Many Sunni rebel groups are uneasy with the terms of the ceasefire: they fear attack by foreign government-allied Shi’ite groups, since there are no monitoring mechanisms in place to track violations.

But the Kurds - who are the only ground force to continuously succeed in driving back Isis’s advance in Syria - are not even at the United Nations’ negotiating table in Geneva.

The Kurdish People’s Protection Units (YPG) have evolved as a major player as the civil war has gone on: it was the the YPG, after six months of intense fighting and assistance from US military strikes, who managed to drive Isis from the Turkish border town of Kobani in March 2015.

The victory not only proved that Isis could be defeated, it cemented the Kurds’ position as a major military force in Syria’s conflict.

The aftermath of an Isis suicide bomb attack during the battle for Kobani
The aftermath of an Isis suicide bomb attack during the battle for Kobani

The YPG, affiliated with the Turkish Kurdish PKK movement, and later the Syrian Democratic Forces (SDF), a mainly Kurdish alliance of rebels, have managed to carve out a relative oasis of calm in northern Syria since the war began, despite the evolution of extremist groups such as Isis around it since.

Despite financial and military backing from the US, there has been no Kurdish delegation at international peace talks so far, thanks to a veto on their presence by some elements of the official Syrian opposition.

“The Syrian Kurds are an important component of the country, so we need to find a formula in which they are able to express an opinion on the constitution and the governance of the country,” Staffan de Mistura, the UN and Arab League Envoy to Syria, said earlier this year.

For their part, the Kurds, who faced decades of discrimination by the state before the war, are unwilling to let go of their hard-won autonomy.

Following recent victories in liberating several northern towns from Isis, but now dealing with advancing Turkish-backed forces too, the Kurds now stand at a crossroads in their history, Mr Sary said.

“There is a danger if they become too expansionist. The model they have currently, of local governance, could be a model for Syria’s future. As long as it’s local, that’s fine - it’s on a large scale it wouldn’t work. There would be too much friction with [the government] in Damascus.”

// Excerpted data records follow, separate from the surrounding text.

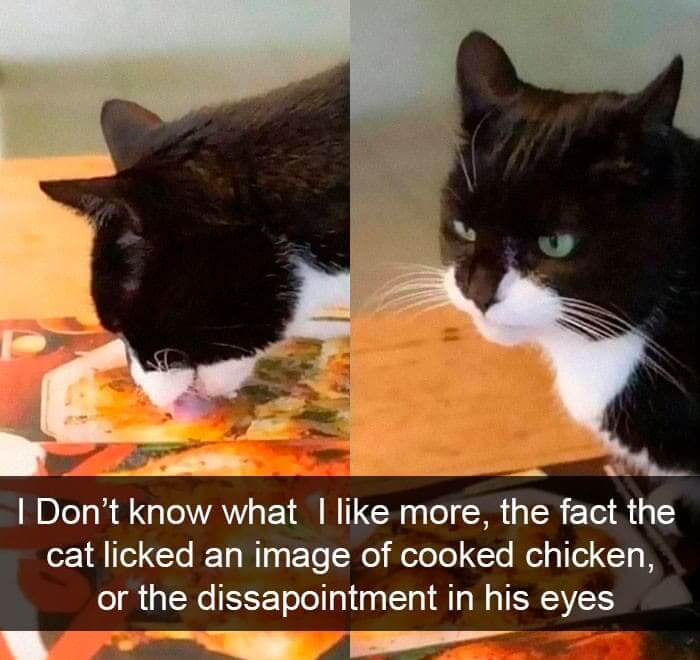 Pure Dissapointment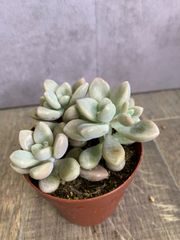 だるまシュウレイ　多肉　多肉植物　グラプトペタルム
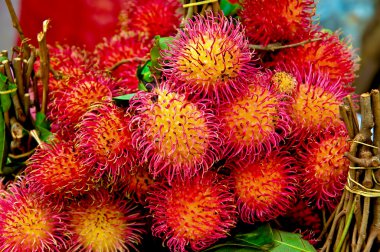 taze rambutan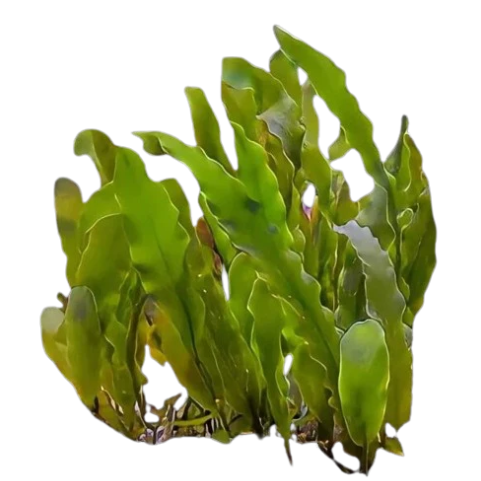 Seagrass Caulerpa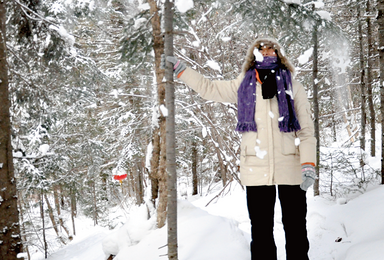 哈尔滨 HAERBIN 漫步冰雪间，钻进圣诞夜里的童话世界！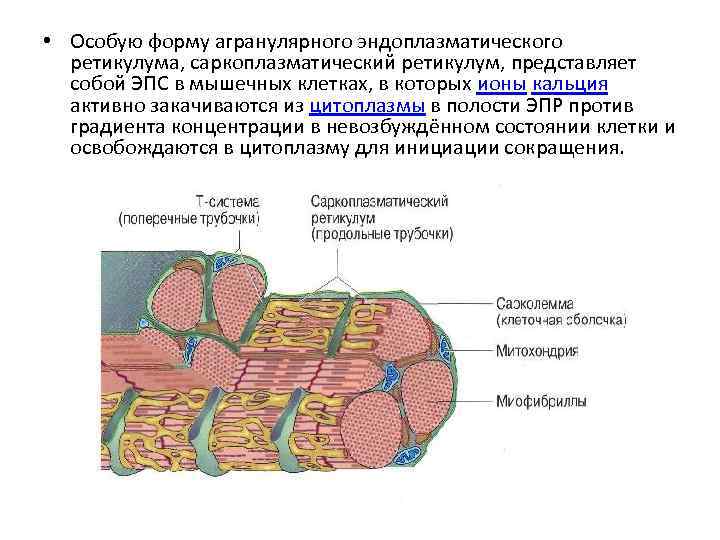 Белки эндоплазматического ретикулума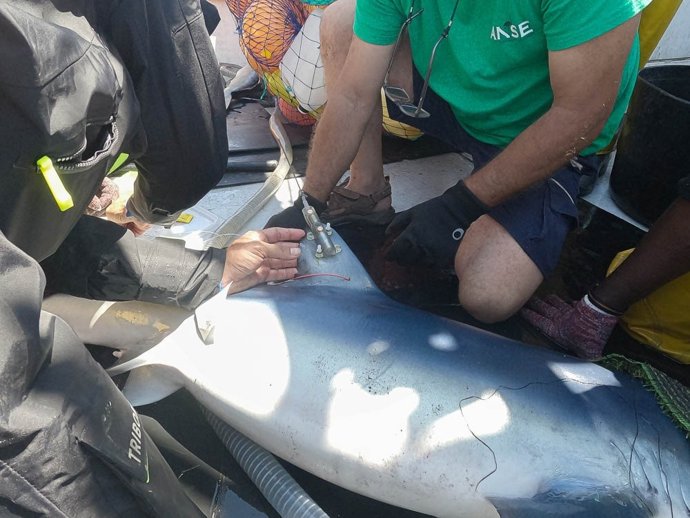 Investigadores del ICM-CSIC, WWF y ANSE marcan tintoreras en la costa de Cartagena para impulsar su conservación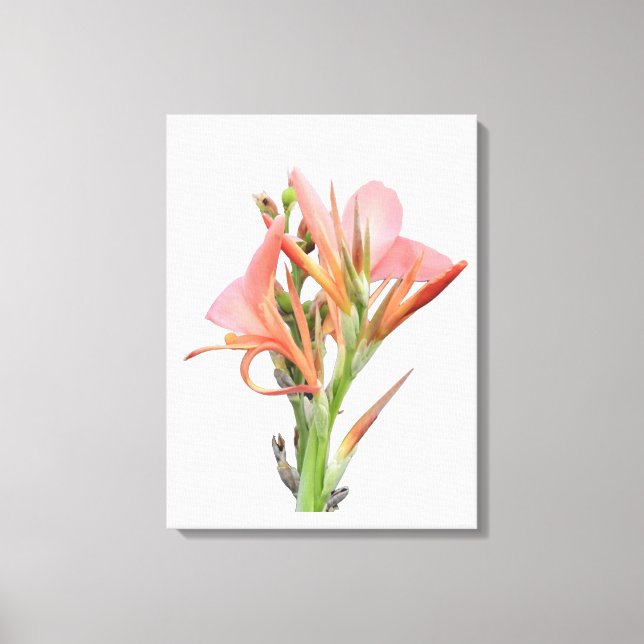 Toile Lily (Recto)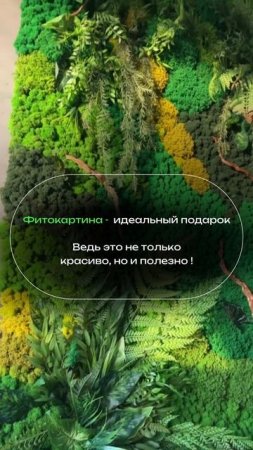Фитокартина – идеальный подарок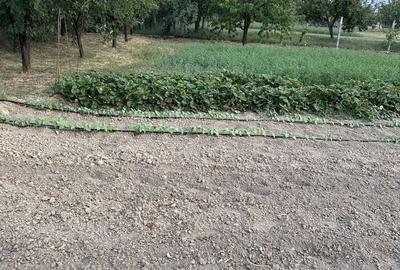 Spațiu comercial, în Cihei - 3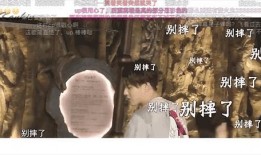 文春爆料历史真相视频播放,历史真相视频播放背后的故事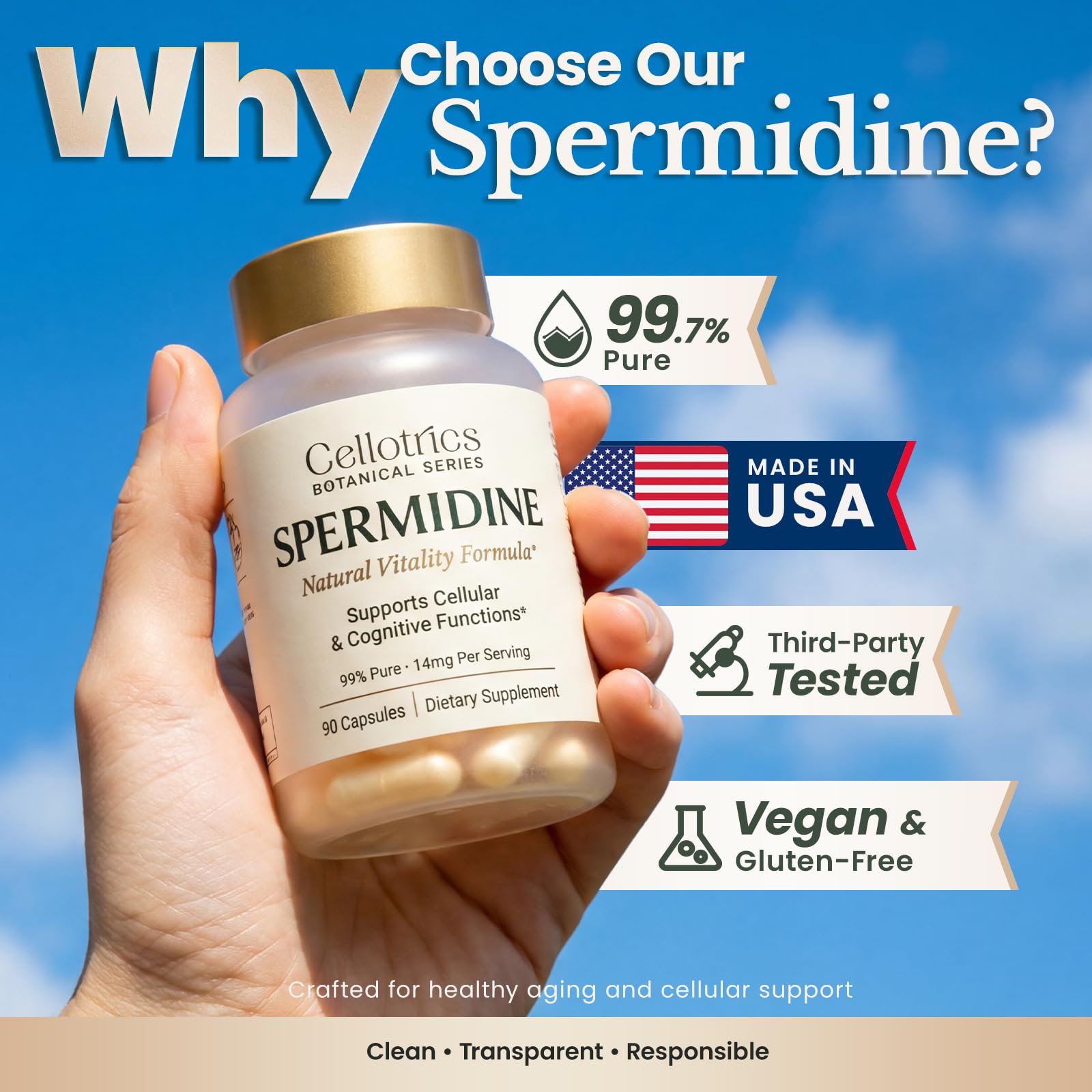 CELLOTRICS Spermidine 14mg 3HCl vegan capsules bottle with label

Since Turkey entered Syria to drive out Isis militants from its border last month, the Kurds’ position has become more volatile: Turkey, which has long fought its own Kurdish insurgency, also wants to stop Kurdish groups from consolidating territory at all costs.

In response, the Kurdish Federation of Northern Syria, which governs Kurdish territory, has said that it will implement a new federal system of government to strengthen their existing administration.

Kurdish fighters belonging to the police force known as the Asayesh drive on the back of an armed vehicle in the northeastern Syrian city of Hasakeh on August 23, 2016, after they agreed to a truce with regime forces.
Kurdish fighters belonging to the police force known as the Asayesh drive on the back of an armed vehicle in the northeastern Syrian city of Hasakeh on August 23, 2016, after they agreed to a truce with regime forces. (Getty)

In a recent interview, Hadiya Yousef, co-chair of the executive committee of the Kurdish Federation of Northern Syria, reaffirmed that the council is committed to implementing a new constitution in Kurdish-held areas, and that the democratic rights of all ethnic groups and women will be respected.

The Kurdish strategy in the civil war to date has been one of survival, Mr Sary added. “So far, they have listened to criticism from other actors. We must assume good faith and engage them.”

US Secretary of State John Kerry has called the current ceasefire the last chance for a “united Syria”, and the sentiment has echoed in diplomatic circles. While that’s also how the last ceasefire in February of this year was described, Mr Sary is also of the opinion that this opportunity for peace-building may be Syria’s “last hope”.

“If this works, then the Kurds must be bought in from the cold,” he said. “But Syria will be a different beast if this fails.”